What about STIR/SHAKEN?
STIR/SHAKEN is the FCC‑mandated caller identification authentication framework designed to combat illegal robocalls and spoofing. Carriers must implement it to verify call origination and prevent fraudulent traffic. If your vendor lacks STIR/SHAKEN compliance, calls may be blocked or flagged as spam, increasing both operational and reputational risk.
What This Means for Businesses Nationwide
All this uncertainty means one thing: A company’s compliance playbook will need a rewrite. Here is how to stay ahead:
- Map Your Risk: Inventory every outbound channel — voice, SMS, ringless voicemail, OTT apps — and the jurisdictions you touch. Tag campaigns by legal regime: federal TCPA, state mini-TCPA, and sector-specific carve-outs.

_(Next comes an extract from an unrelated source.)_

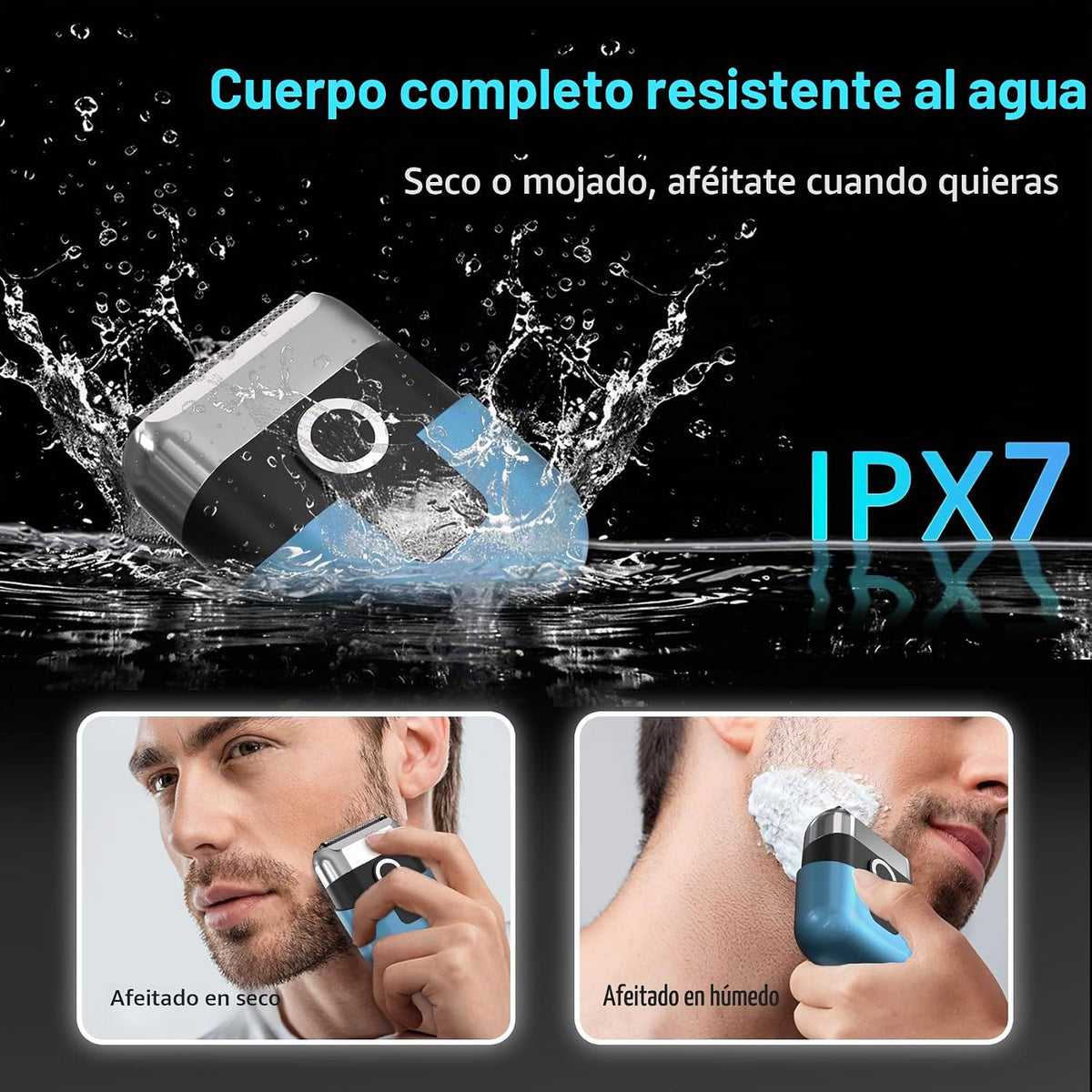 LYRSLF Afeitadoras eléctricas de aluminio para hombres: Mini afeita...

- Rebuild Consent Architecture: Although the Eleventh Circuit vacated the FCC’s "one-to-one" consent rule, specificity still matters. Capture clear, channel-specific consent and disclose if AI-generated content is used. Consider authentication measures that bolster consumer consent, including the use of one-time codes through SMS text messaging.
- Treat Texts Like Calls: Federal courts may disagree, but states do not. Apply do-not-call, quiet hours, and opt-out rules to texts as if they were calls.

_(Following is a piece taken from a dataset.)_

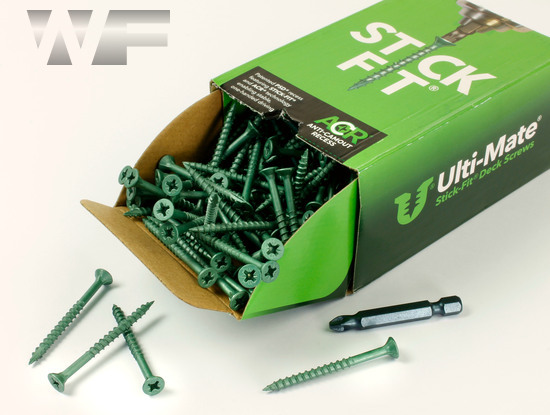 Ulti-Mate Deck Screws, with specially formulated weather resistant organic coating image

- Honor Opt-Outs — Forever (Almost): Virginia’s 10-year retention rule sets a new bar. Build suppression logic and retention policies now. Implement opt-out procedures and honor opt-out requests.
- Implement Time-Zone Logic: Default to the strictest applicable window for multi-state programs. Consider requiring location confirmation during consent capture and using real-time suppression tools to prevent violations.
- Audit Vendors: Verify carrier/platform RMD status, STIR/SHAKEN posture, and STOP processing; require registration compliance in Texas (including the $200 filing and $10,000 security) where applicable; ensure suppression synchronization across vendors.
- Prepare for Litigation: Preserve consent records, SOPs for time-zone logic, opt-out logs, and vendor contracts. Post-McLaughlin, expect heightened challenges to FCC interpretations and more threshold litigation over regulatory deference.
Quick Compliance Checklist
- Daily National/State DNC scrubs and STOP handling aligned with FCC revocation rules.
- Ten-year opt-out retention for Virginia numbers.
- Texas registration completed (Form/fee) and $10,000 security posted; DTPA exposure modeling in place.
- AI disclosure and consent language added where voice cloning or AI is used.
- Vendor RMD status verified; STIR/SHAKEN, and traceback cooperation baked into vendor agreements.
- Quiet‑hour suppression with time‑zone logic, defaulting to stricter state windows when location is uncertain.
Bottom Line
2025 marks a turning point. The TCPA is no longer a single set of rules — it is a patchwork of federal uncertainty and state‑level escalation, overlaid with aggressive FCC enforcement and evolving AI usage. Businesses that treat compliance as static will be the ones writing settlement checks. Those that build flexible, jurisdiction‑aware programs with robust consent architecture, vendor governance, time‑zone logic, and long‑view suppression will stay ahead of the curve.